Supplied records:
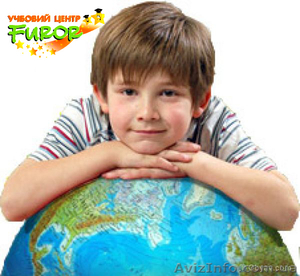 Управляющий турфирмы в учебном центре 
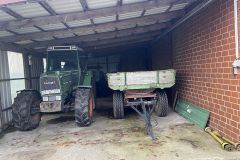 Wagenbau-2024001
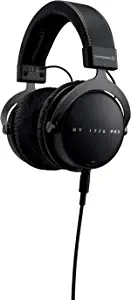 beyerdynamic DT 1770 Pro Studio Headphone, DT 1770 PRO (DT 1770 PRO)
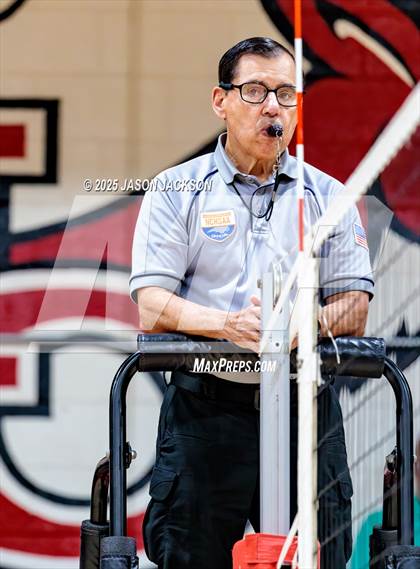 Thumbnail 1 in Seventy-First @ Hoke County photogallery.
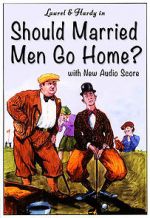 Watch Should Married Men Go Home? 123moviesfree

Task instructions:
Pictures are not part of the copy. Extract exactly the lines from the line containing "beyerdynamic DT 1770" through the final line of the entries above, both included.

Finished task:
 beyerdynamic DT 1770 Pro Studio Headphone, DT 1770 PRO (DT 1770 PRO)
 Thumbnail 1 in Seventy-First @ Hoke County photogallery.
 Watch Should Married Men Go Home? 123moviesfree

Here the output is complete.